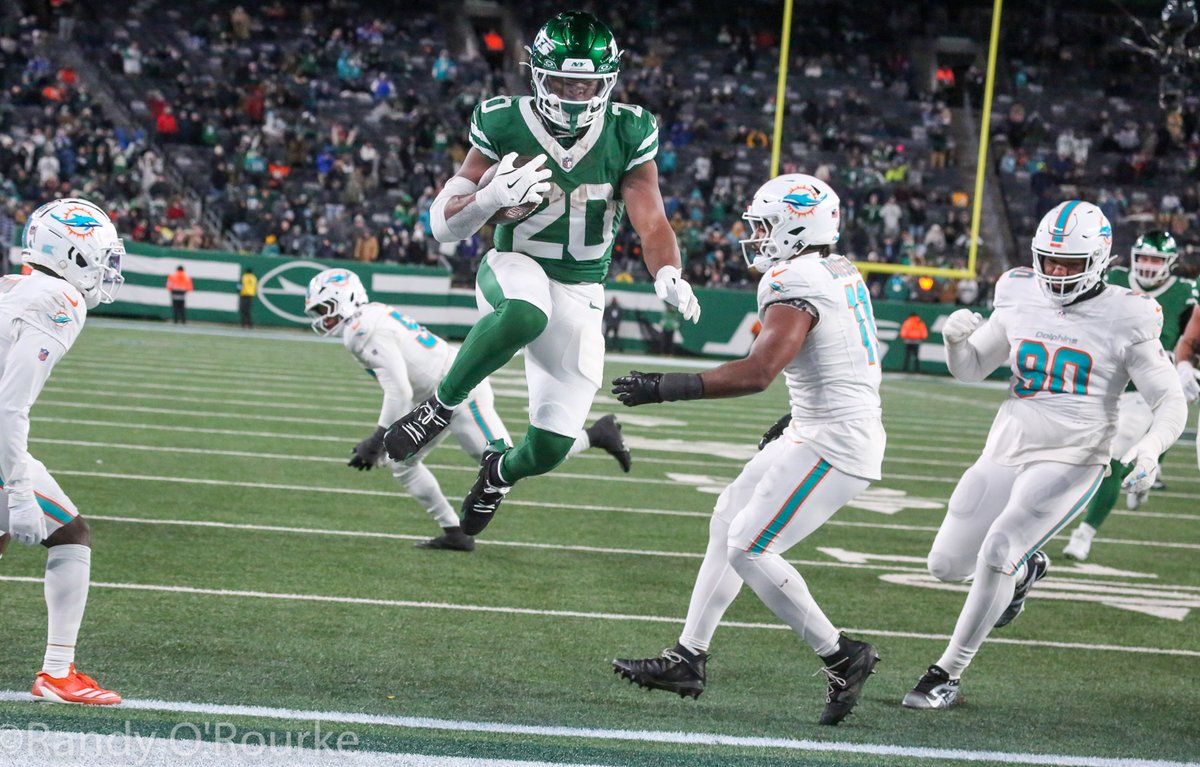 The Jets got the touchdowns &amp; Randy O'Rourke Photography got the snaps with the help of our Convertible Mittens!
Our mitts make it easy to take photos by allowing you to free your fingers 🥶
Photo Cred 📸: Randy O'Rourke Photography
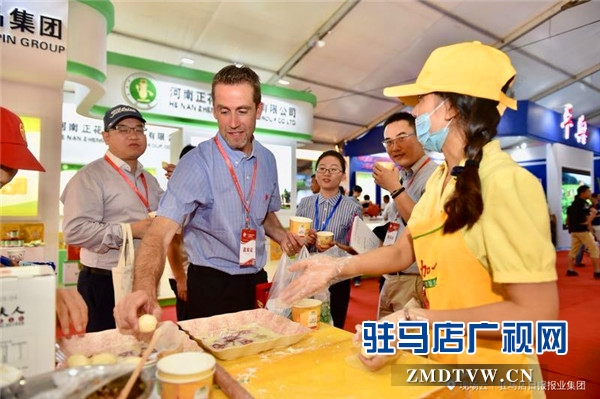  “一加一”天然面粉亮相第21届中国农加工洽谈会倍受关注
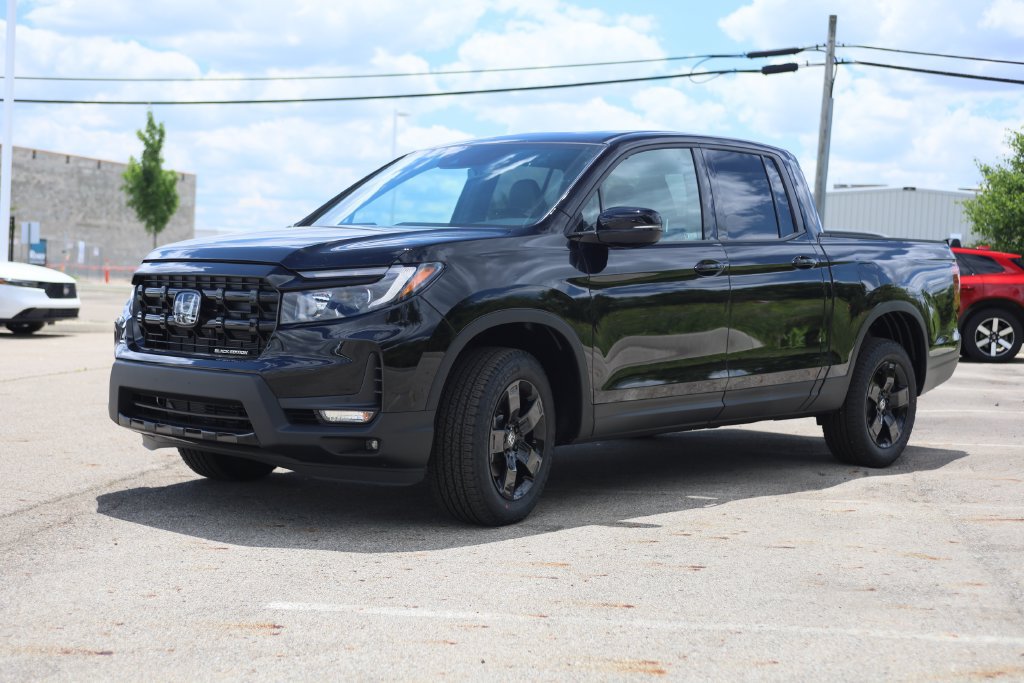 New 2026 Honda Ridgeline Black Edition image 3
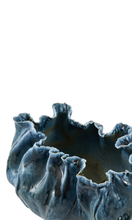 Load image into Gallery viewer, THE FOUNDRY Luxorion Vase Cyaneus SAINTE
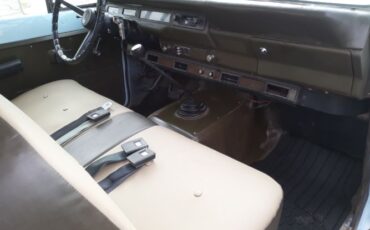 International-Scout-1977-Blue-Tan-21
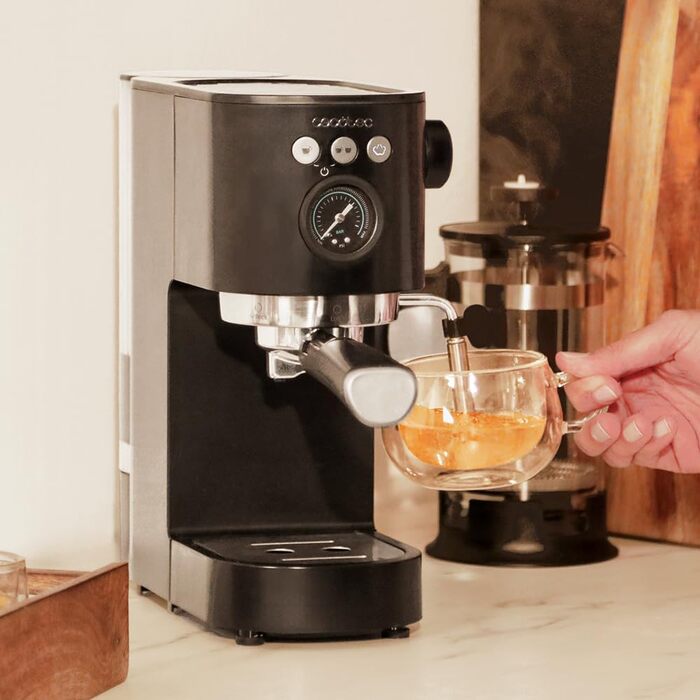 Кавоварка Cecotec Cafelizzia 790 Steel Pro, 1350 Вт, манометр, Thermoblock, 20 бар, автоматичний режим, капучинатор, 1,2 л, чорна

▸ EXERCISE INSTRUCTIONS: Give back all of the data exactly, but not the pictures.

▸ OUTPUT BELOW:
 The Jets got the touchdowns &amp; Randy O'Rourke Photography got the snaps with the help of our Convertible Mittens!
Our mitts make it easy to take photos by allowing you to free your fingers 🥶
Photo Cred 📸: Randy O'Rourke Photography
  “一加一”天然面粉亮相第21届中国农加工洽谈会倍受关注
 New 2026 Honda Ridgeline Black Edition image 3
 Load image into Gallery viewer, THE FOUNDRY Luxorion Vase Cyaneus SAINTE
 International-Scout-1977-Blue-Tan-21
 Кавоварка Cecotec Cafelizzia 790 Steel Pro, 1350 Вт, манометр, Thermoblock, 20 бар, автоматичний режим, капучинатор, 1,2 л, чорна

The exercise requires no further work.